I started to let go of the perfectionist sensibility that I had always indulged. Instead, I paid attention to the causality in my plot, the momentum of the action. I played with the energies between my characters, the positive and negative charges in their dialogue. I imagined where I wanted my protagonist to wind up, emotionally and psychologically, at the end of her journey. (Why couldn’t I see the trajectory of my own journey?) Stepping back and envisioning the full-bodied organism of my novel showed me that it actually existed, that it was alive and making progress, that I had a goal for it and it had a goal for me.

Because I wanted so fiercely to be published and widely-read, and because I believed that the MFA workshop in all its rigor would prepare me for a real writing career, my perspective became stuck behind a limited and limiting lens that eventually fogged up with self-loathing. Lisa Borders and the Novel-in-Progress course rescued me from this provincial delusion and gifted me a panoramic view of the process. With the dawn of a broader outlook re-surged my love for writing, that deep, aching affection that had driven me to enroll at Emerson in the first place; I also began to recognize, and appreciate, just how much the MFA program had taught me about the craft of fiction-writing, even while my ego was suffering. And I was more willing than ever to project my future as a novelist.

I trace my soul-saving transformation back to an instructor who cared about her students’ long-term sustainability in the writing world, and who dared to offer a blasphemous piece of advice in order to secure it: that ditching the details is not only acceptable, but crucial to growth.

Do you hear it, too? The welcoming thrum of circulation in the wide-open creative space around you? That’s your Big Picture, a healing landscape with plenty of room for exploration and revision, generous with forgiveness.


Elizabeth MastrangeloElizabeth Mastrangelo first started writing fiction on her mother’s Canon typewriter thirty-six years ago. These days, she teaches English to ninth and tenth graders and also works as a freelancer, ghostwriting nonfiction books, romance novellas, and website copy. Liz holds an MEd and an MA in English from UMass Boston and an MFA in Creative Writing from Emerson College. Living with her devoted husband, spunky daughter, and sports-obsessed son on the north shore of Massachusetts provides her with endless engaging material for her stories. Liz’s work has appeared in Sheepshead Review, Burningword Literary Journal, Bartleby Snopes, and Visitant, amongst other publications. She blogs about teaching, womanhood, and motherhood at her site,

Elizabeth’s work appears in Black Fox Issue 14.

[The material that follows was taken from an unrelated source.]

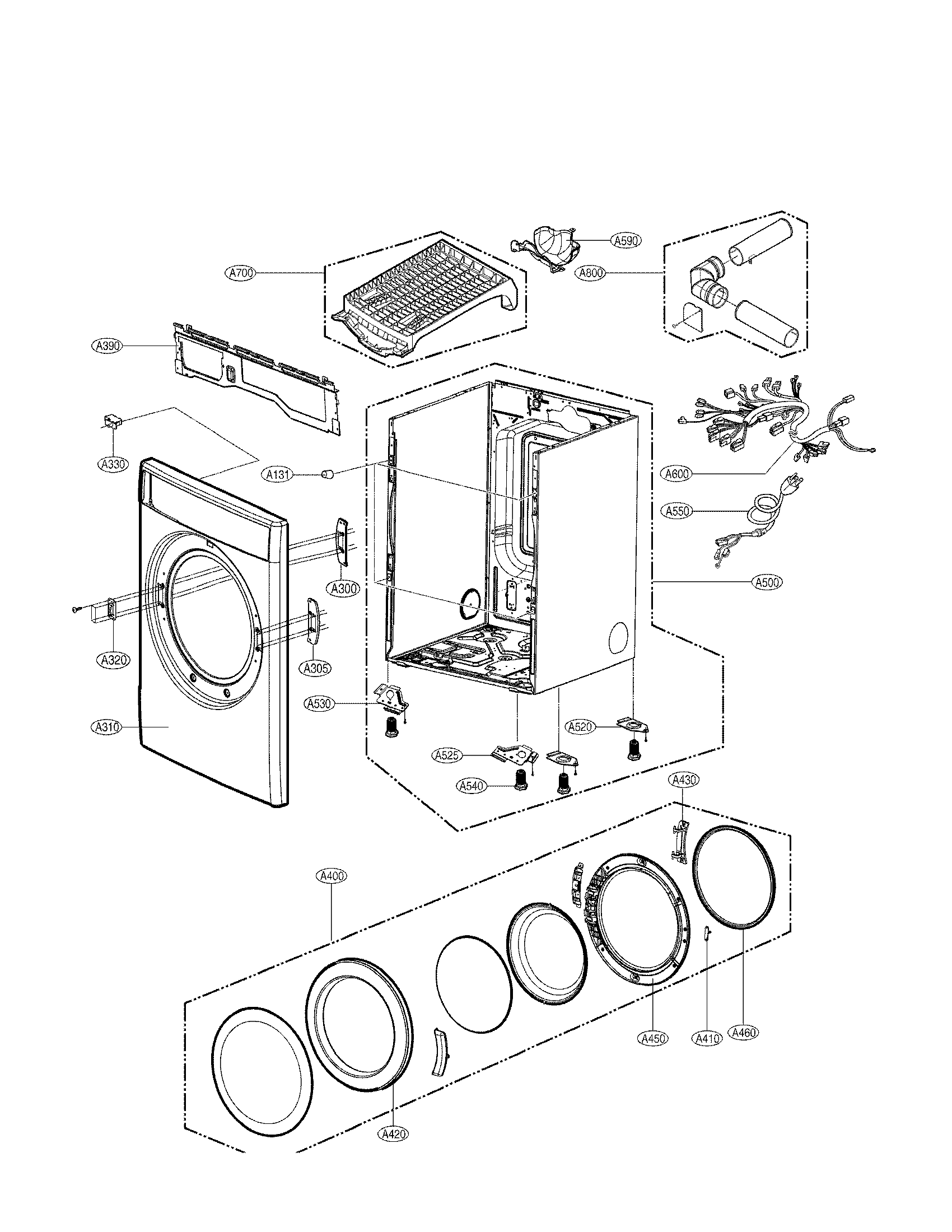 Cabinet and door assembly parts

6 comments to Guest Post: MFA Myopia: The Pain is in the Details by Elizabeth Mastrangelo

  • Eileen Torpey

    This essay to me is one of your best. I was moved my the passion and insight. This essay is so real and on the still do love words but so compelling!

    • Liz Mastrangelo

      Thank you! Yes, I still have to work incredibly hard at streamlining my prose, but it’s good exercise. I am learning every day to express myself more succinctly than I did the day before. And then there are just times when my love affair with words takes over all logic.

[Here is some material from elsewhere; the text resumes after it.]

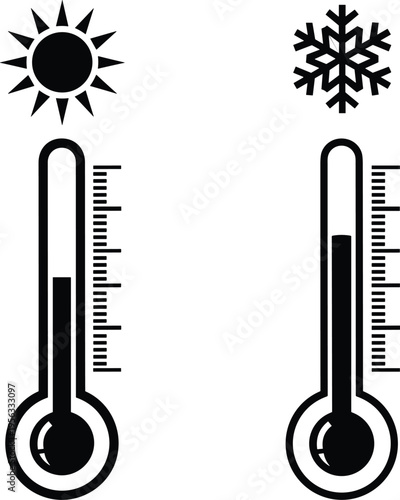 Web"Black and white illustration of thermometers with sun and snowflake symbols, representing hot and cold temperature conditions, Celsius scale, climate, weather, and seasonal contrast"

  • “This is the way I write, with my nose…pressed close to the page.” Love this line and also that you found your way out of paralysis by by one terrific teacher, Lisa Borders, and stepping back and keeping your eye on the big picture. Can’t wait to read the finished novel!

    • Liz Mastrangelo

      Hi, Lisa! I so appreciate your support, especially since you are a model of sharp, bright, funny economic writing. It’s a true talent. I’m still waiting to read your other novel…? Looking forward to being back in class with you again!

  • Jay Pawlyk

    This might be my favorite thing you have ever written, Liz. Thanks for sharing it!

  • Liz Mastrangelo

    Hi, Jay! What an awesome compliment – thank you. Hope you are writing furiously these days, too!